This is the mail archive of the glibc-bugs@sourceware.org mailing list for the glibc project.


Index Nav: [Date Index] [Subject Index] [Author Index] [Thread Index]
Message Nav: [Date Prev] [Date Next] [Thread Prev] [Thread Next]
Other format: [Raw text]

[Bug libc/16640] string/strtok.c: undefined behaviour inconsistent between x86 and other generic code


https://sourceware.org/bugzilla/show_bug.cgi?id=16640

Carlos O'Donell <carlos at redhat dot com> changed:

           What    |Removed                     |Added
----------------------------------------------------------------------------
             Status|NEW                         |WAITING
                 CC|                            |carlos at redhat dot com

--- Comment #1 from Carlos O'Donell <carlos at redhat dot com> ---
(In reply to Kyle McMartin from comment #0)
> Created attachment 7444 [details]
> make string/strtok match x86
> 
> The strtok.S implementations for x86_64 and i386 vary from the generic
> string/strtok.c version.

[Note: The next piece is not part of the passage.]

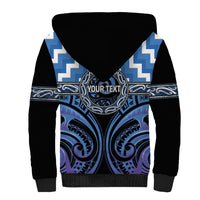 Aotearoa Ngaruahine Personalised Sherpa Hoodie Maori Iwi Poutama Puhoro Tattoo LT14 - Polynesian Pride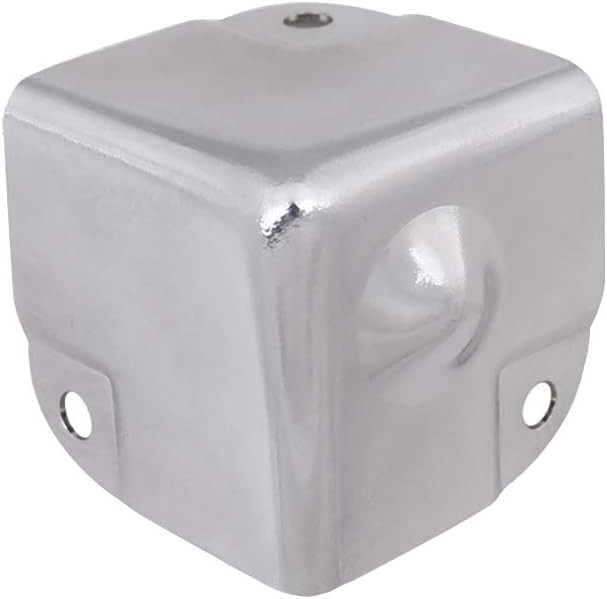 8Pcs Galvanized Tool Box Corner Protectors Aluminum Angle Guard Silver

In the former case, if str == NULL, and the saved
> string is also NULL, the strtok call returns NULL.
> 
> In contrast, the string/strtok.c call proceeds to pass s = olds = NULL to
> strspn which consequently crashes.
> 
> While this behaviour is probably permissible, it results in odd portability
> issues where the behaviour can't be reproduced on x86_64. As well, the
> generic versions in the BSD libc I looked at (which appears to date back to
> 4.3BSD or earlier...) also checks for the (s = olds) == NULL condition and
> handles it, so we have a bit of precedent here.
> 
> Attached is a patch which brings the generic string/strtok.c in-line with
> i386, x86_64 and BSD. It seems better to do that, rather than suddenly make
> working code SIGSEGV on x86_64...

The x86_64 and i386 implementations are wrong, they should also fault.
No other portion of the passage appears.